Cohort Explainability Approach:
Somewhere between global and local explainability lies Cohort (or Segment) explainability. This explains how segments or slices of data contribute to the model’s prediction. During model validation, Cohort explainability helps explain the differences in how a model is predicting between a cohort where the model is performing well versus a cohort where the model is performing poorly. It also assists when trying to explain outliers as outliers occur in a local neighborhood or data slice.
Note: Both Local and Cohort (Segment) explainability can be used to explain outliers.
There are various explainability methods such as Shap, Partial Dependence Plot, LIME, ELI5
One question that comes to mind when dealing with explainability is: Which parts of the model are being explained and why does that part matter? Let’s look into this question…
Which parts of the model are being explained and why does a particular part matter?
- Features: The features of the model are typically the primary source of model explanation as they make up the main components of the model.
- Data characteristics: These can include: data format, data integrity, etc. Production models are constantly changing, so it is important to log and monitor those changes to better understand and explain the model’s output. Data distribution shifts can impact model predictions, so maintaining the data distribution and having a good understanding of the data characteristics is important for model explainability.
- Algorithms: The choice of algorithms and techniques used when training a model is as important as the data itself. These algorithms define how the features interact and combine to achieve the model output.

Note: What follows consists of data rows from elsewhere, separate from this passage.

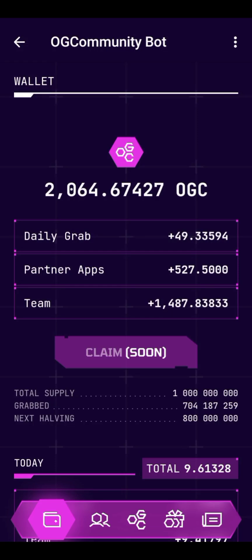Welcome to this video. I'll be showing you how you can connect your wallet to OGC. For those of you that do not know about OGC, it is a mining platform where you mine the OGC token. It has a web application and also a Telegram app.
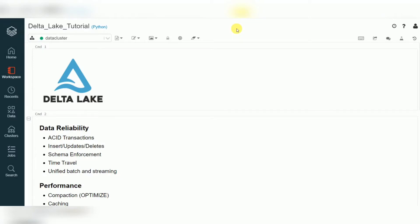Hello friends, welcome to Delta Lake video tutorials. In the previous session we covered an introduction to Delta Lake: what is Delta Lake, what are the benefits of Delta Lake, and its major features and advantages. In this session I'm going to give you one example of how to create a delta table with and without the metastore.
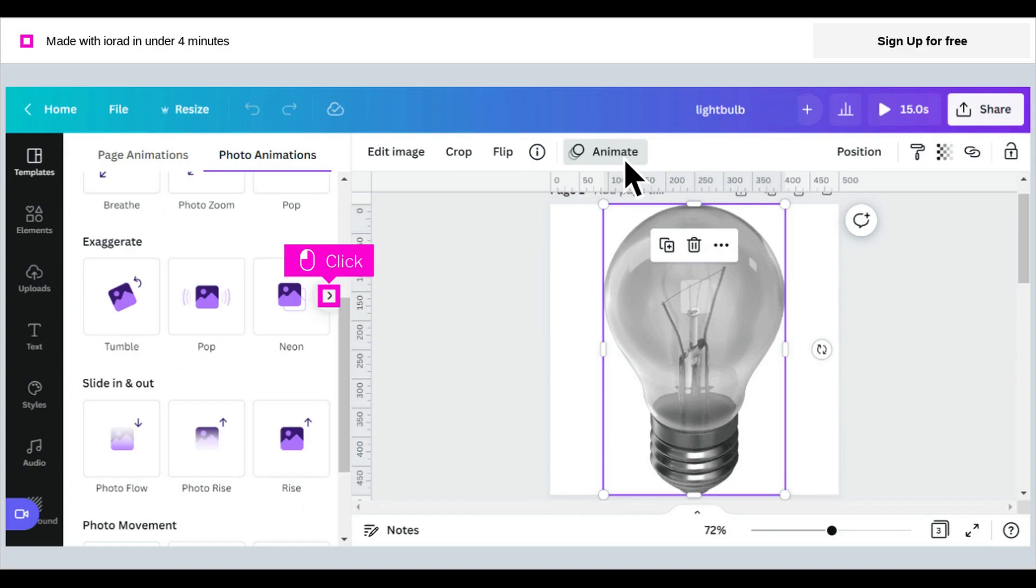Click the right arrow at the end of any animation category to see more options of that type of animation.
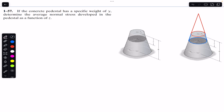The specific weight gamma is always equal to weight divided by volume, so weight equals gamma multiplied by volume.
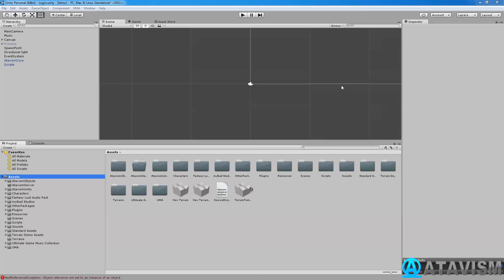Hello everyone, my name is Jean-Sobestin-Charles, and today we're going to check the UMA package that you can import into your Atavism project.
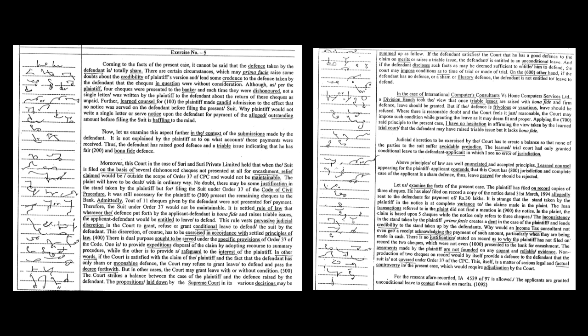The inconsistencies in the stand taken by the plaintiff prima facie creates a dent in the case of the plaintiff and lends credibility to the stand taken up by the defendants. Why would an income tax consultant not even get a receipt acknowledging the payment of such amount, particularly when they are being made in cash? There is no justification stated on record as to why the plaintiff has not filed on record the two checks which were not even presented to the bank for encashment. The averments made by the plaintiff are not founded on any cognate and reliable evidence.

A clear understanding of the training algorithms and techniques is essential for achieving model explainability.
In order to achieve explainability, you need tools that can explain your model both globally and locally.
How to Achieve Explainability with Aporia
Aporia’s full-stack ML observability solution gives data scientists and ML engineers the visibility, monitoring and automation, investigation tools, and explainability to understand why models predict what they do, how they perform in production over time, and where they can be improved.

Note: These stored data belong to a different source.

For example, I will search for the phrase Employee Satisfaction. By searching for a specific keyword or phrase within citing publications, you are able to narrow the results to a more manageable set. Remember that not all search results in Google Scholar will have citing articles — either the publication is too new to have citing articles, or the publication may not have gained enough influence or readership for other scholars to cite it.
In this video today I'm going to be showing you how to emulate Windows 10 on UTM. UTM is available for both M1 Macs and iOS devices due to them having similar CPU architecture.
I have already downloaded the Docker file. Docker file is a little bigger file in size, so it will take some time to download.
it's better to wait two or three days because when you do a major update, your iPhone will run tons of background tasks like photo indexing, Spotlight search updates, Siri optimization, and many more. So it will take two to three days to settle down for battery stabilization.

Using Aporia’s Explainable AI Tool
To understand how the explainability feature works in Aporia, login into Aporia with your email – or if you haven’t created an account yet, you can easily sign up here to Aporia’s free community plan.
Go to the demo model, and from there to the Data Points dashboard. Next click the Explain button.
For this model, you can see how features contributed to the model’s prediction.
You can also get a business explanation to share with key stakeholders.
You can also change any feature value by clicking “Re-Explain” and see how it affects the prediction. This lets you debug your model for specific predictions.
Aporia’s explainability feature lets you look under the hood of your model and better understand:
- The prediction across all features in the dataset, i.e. Global explainability
- The individual contribution of each feature to the model’s prediction, i.e. Local explainability
- Segment explainability
As machine learning models continue to be adopted across all industries and are fast becoming a standard critical component of the decision-making process for organizations, the idea that ML models are “black boxes” will be debunked. Model predictions can be explained with explainable AI tools like Aporia.
Aporia makes ML models explainable, helping data science and ML teams to better understand their models and leverage their machine learning in a more effective and responsible way.